[About this exercise] From the entries that follow, reproduce exactly and only the lines from the line with "6 Morwell Crescent, North Lakes QLD 4509" to the line with "Cadillac House |", endpoints included.

[Entries shown]
_ _ _ _ _

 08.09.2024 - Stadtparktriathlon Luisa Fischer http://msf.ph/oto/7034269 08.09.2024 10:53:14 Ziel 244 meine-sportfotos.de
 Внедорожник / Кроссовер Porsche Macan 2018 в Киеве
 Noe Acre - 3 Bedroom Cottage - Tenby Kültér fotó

_ _ _ _ _

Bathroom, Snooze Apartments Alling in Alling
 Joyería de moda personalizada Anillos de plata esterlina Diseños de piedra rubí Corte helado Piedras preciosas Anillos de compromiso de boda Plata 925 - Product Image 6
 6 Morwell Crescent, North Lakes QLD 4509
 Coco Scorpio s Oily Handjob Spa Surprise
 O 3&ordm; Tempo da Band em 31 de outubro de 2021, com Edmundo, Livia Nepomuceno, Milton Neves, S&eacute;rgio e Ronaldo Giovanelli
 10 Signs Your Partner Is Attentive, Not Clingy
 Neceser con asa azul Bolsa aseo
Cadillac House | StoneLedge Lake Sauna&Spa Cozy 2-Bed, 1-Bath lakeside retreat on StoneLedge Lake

_ _ _ _ _

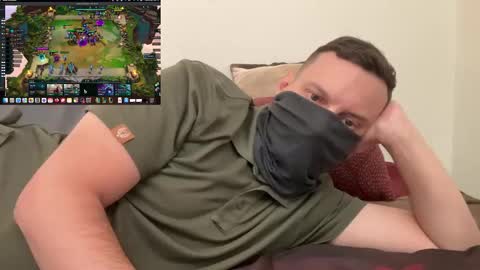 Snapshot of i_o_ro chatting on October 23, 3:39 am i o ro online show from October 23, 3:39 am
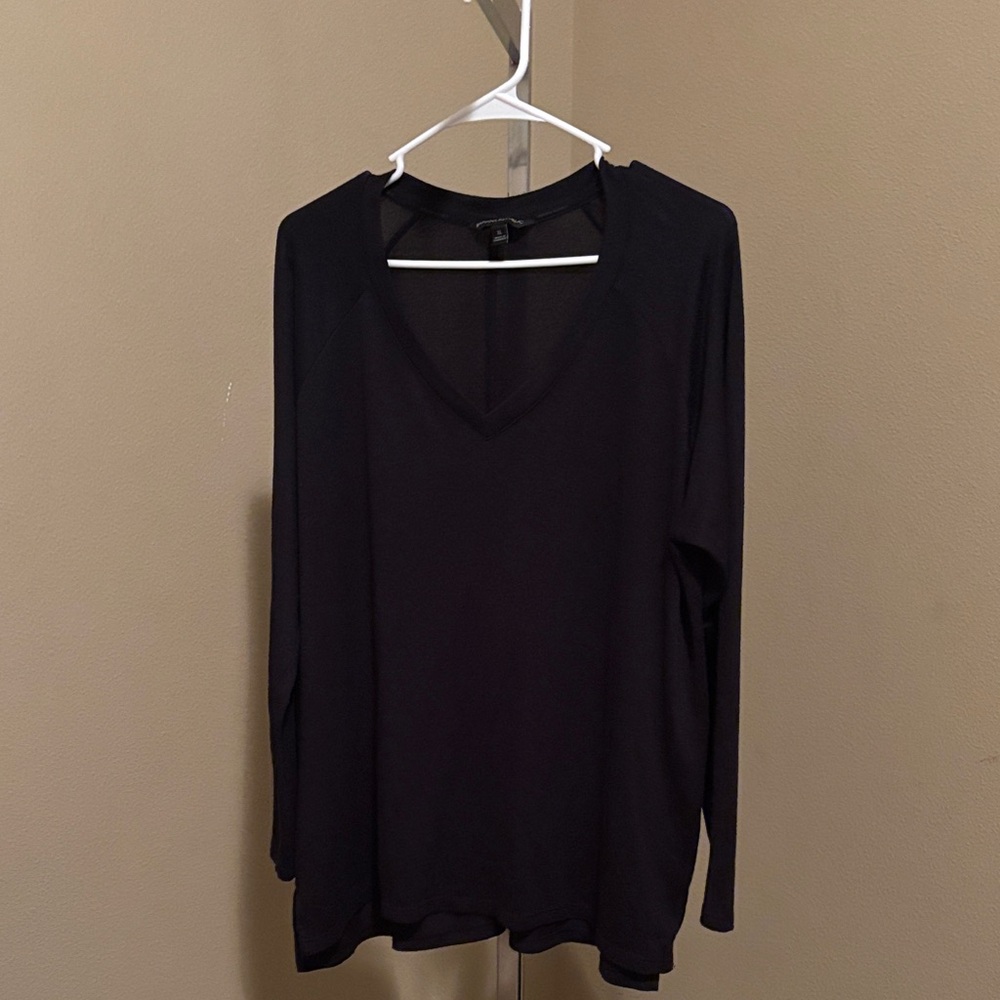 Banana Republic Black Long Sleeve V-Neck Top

_ _ _ _ _

[Result for this task]
 6 Morwell Crescent, North Lakes QLD 4509
 Coco Scorpio s Oily Handjob Spa Surprise
 O 3&ordm; Tempo da Band em 31 de outubro de 2021, com Edmundo, Livia Nepomuceno, Milton Neves, S&eacute;rgio e Ronaldo Giovanelli
 10 Signs Your Partner Is Attentive, Not Clingy
 Neceser con asa azul Bolsa aseo
Cadillac House | StoneLedge Lake Sauna&Spa Cozy 2-Bed, 1-Bath lakeside retreat on StoneLedge Lake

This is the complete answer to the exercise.